# Exercise
Below are some records. Write out the line that contains "paper lawn Kurta Set in Hot pink" and all lines after it, exactly, but not the pictures.

Caption-style text data:

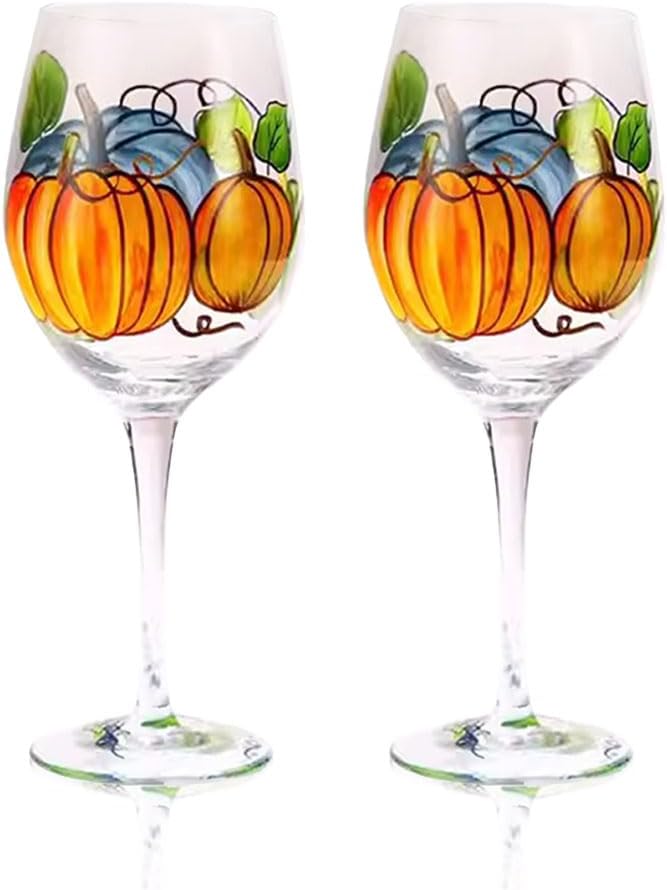 LYFJMUS 2 Pack Hand Painted Pumpkin Fall Thanksgiving Wine Glasses Fall Autumn Pumpkin Goblets with Stem for Thanksgiving Hostess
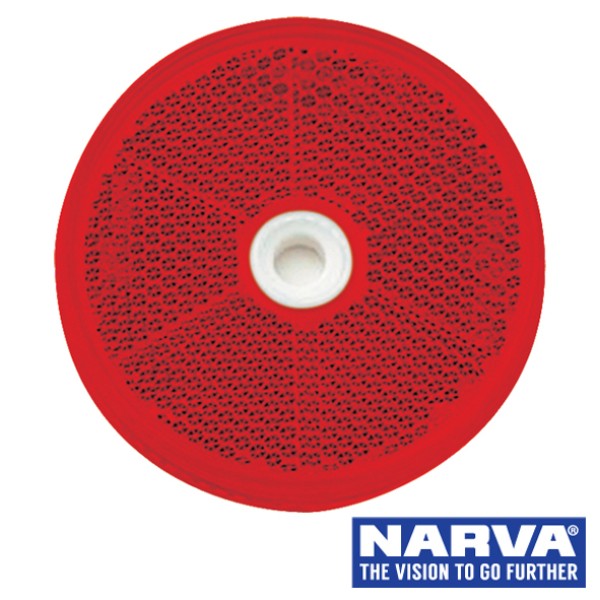 Round Retro Reflector Screw On 60mm - Red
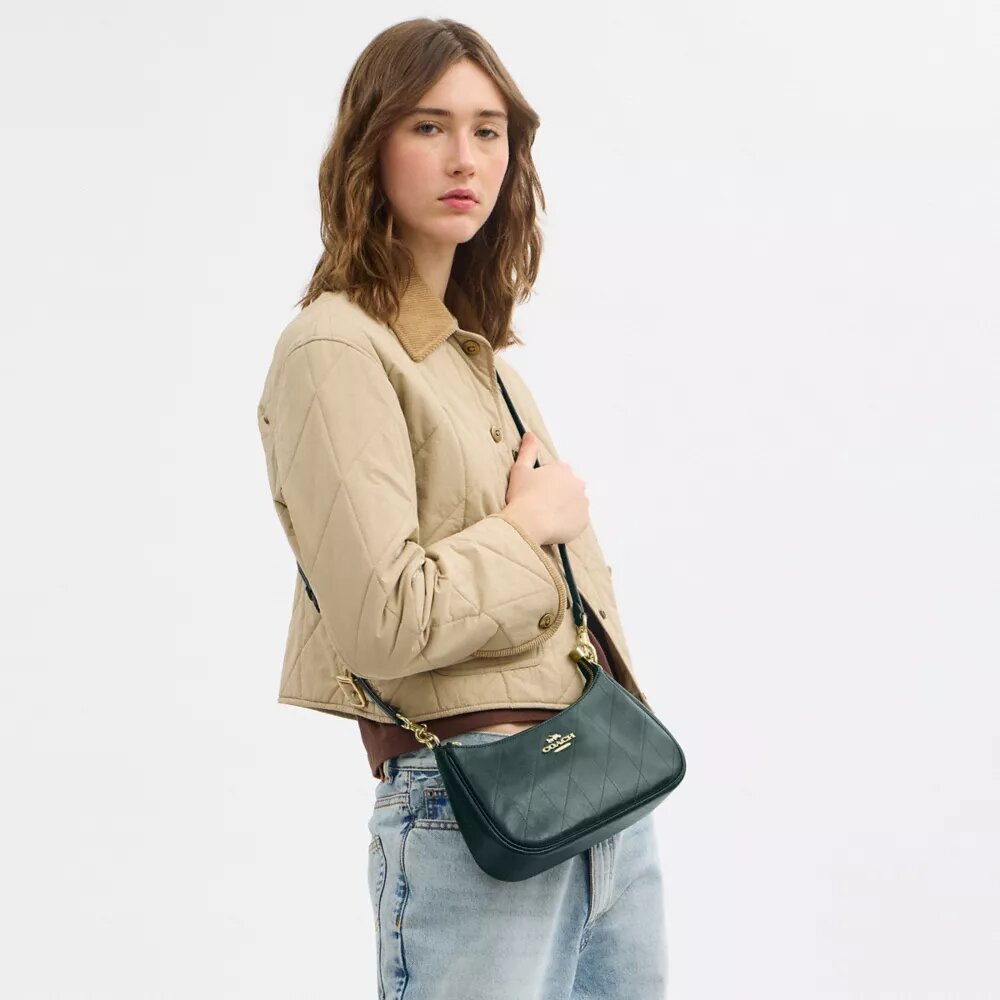 Teri-Schultertasche mit Steppung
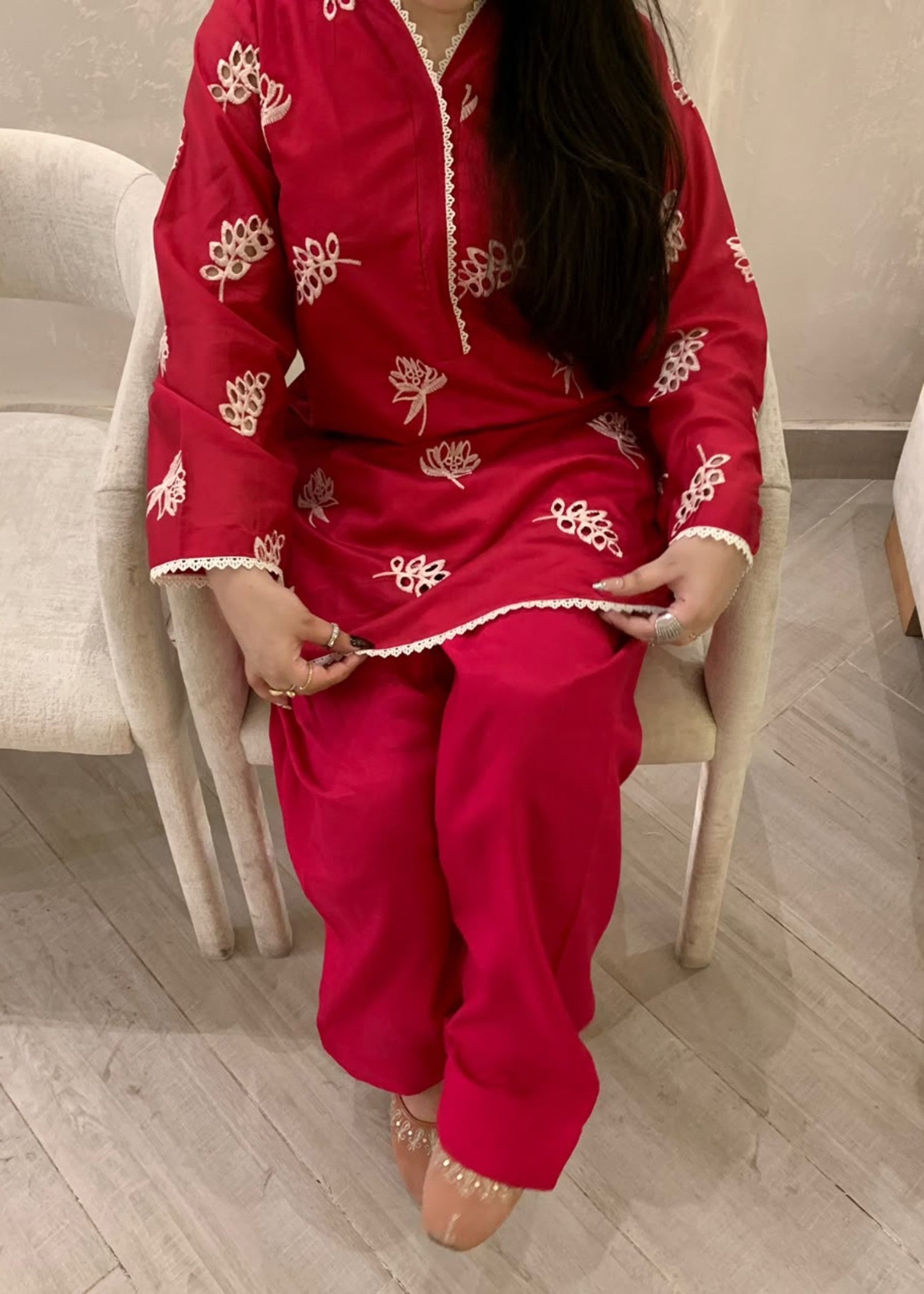 paper lawn Kurta Set in Hot pink
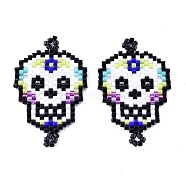 Handmade Seed Beads Links Connectors, with Elastic Thread, Loom Pattern, Sugar Skull, For Mexico Holiday Day of The Dead, Black, 35~36x22~23x1.5~2mm, Hole: 1.5~2mm(SEED-I012-48C)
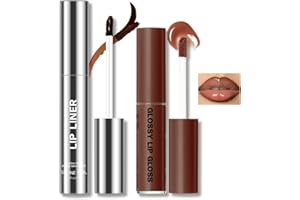 HOSAILY Peel Off Lip Liner Stain Tattoo, Long Lasting Waterproof Lip Stain Peel off, Tattoo Nude Lip Liner and Lip Gloss Combo, Non-Stick Cup Nourishing Lip Gloss Set Lipstick Makeup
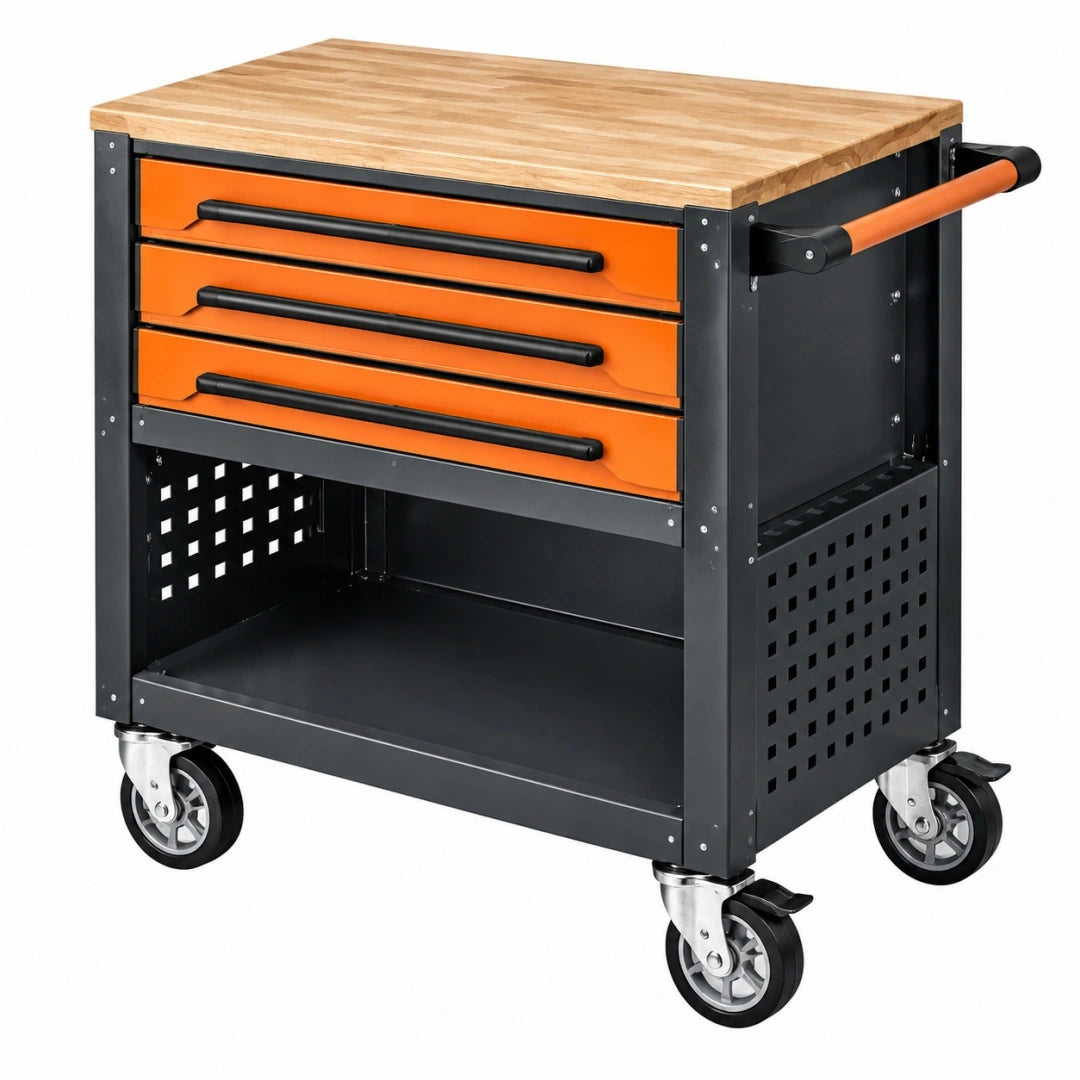 Carro de herramientas 85 x 46 x 96 cm de acero negro y naranja con encimera de madera y 4 cajones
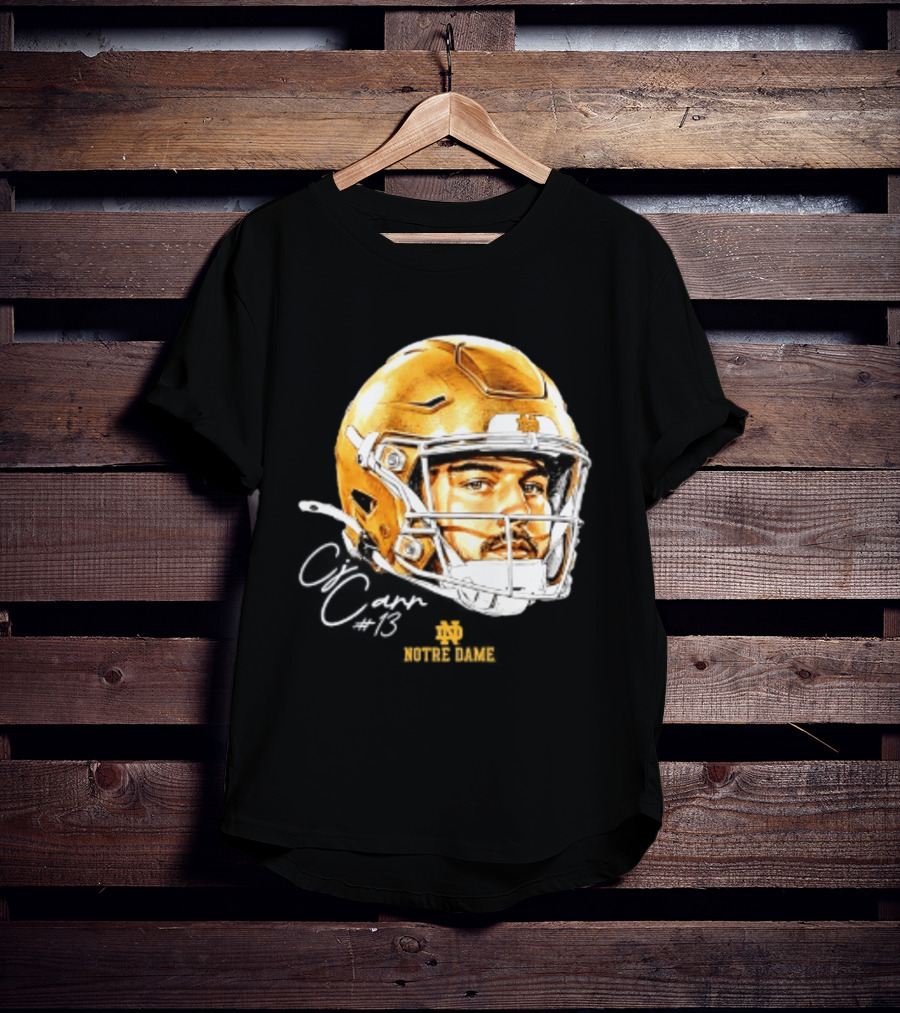 Notre Dame Football CJ Carr 13 NCAA Swag Helmet T-Shirt
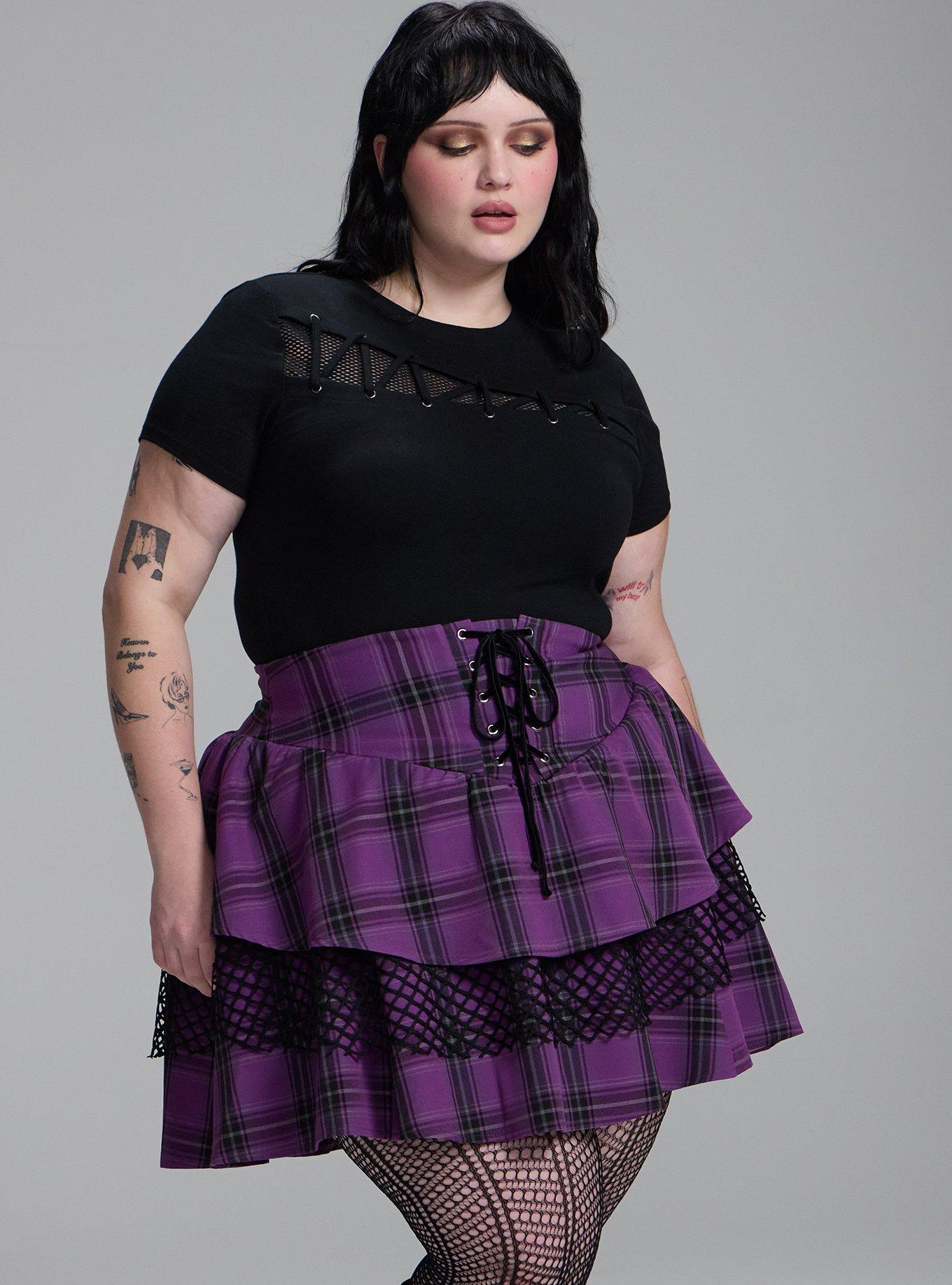 Nightfall Lace-Up Mini Skirt, PATINA PLAID PURPLE, alternate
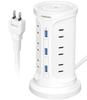 Régua de Tomada Tower NVEESHOX com Saída USB, 2m, 12 Tomadas AC, 3 Portas USB, Proteção contra Surtos, Suporte de Montagem, Design de 3 Camadas, Pacote Múltiplo, Montagem na Parede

# Written solution
 paper lawn Kurta Set in Hot pink
 Handmade Seed Beads Links Connectors, with Elastic Thread, Loom Pattern, Sugar Skull, For Mexico Holiday Day of The Dead, Black, 35~36x22~23x1.5~2mm, Hole: 1.5~2mm(SEED-I012-48C)
 HOSAILY Peel Off Lip Liner Stain Tattoo, Long Lasting Waterproof Lip Stain Peel off, Tattoo Nude Lip Liner and Lip Gloss Combo, Non-Stick Cup Nourishing Lip Gloss Set Lipstick Makeup
 Carro de herramientas 85 x 46 x 96 cm de acero negro y naranja con encimera de madera y 4 cajones
 Notre Dame Football CJ Carr 13 NCAA Swag Helmet T-Shirt
 Nightfall Lace-Up Mini Skirt, PATINA PLAID PURPLE, alternate
 Régua de Tomada Tower NVEESHOX com Saída USB, 2m, 12 Tomadas AC, 3 Portas USB, Proteção contra Surtos, Suporte de Montagem, Design de 3 Camadas, Pacote Múltiplo, Montagem na Parede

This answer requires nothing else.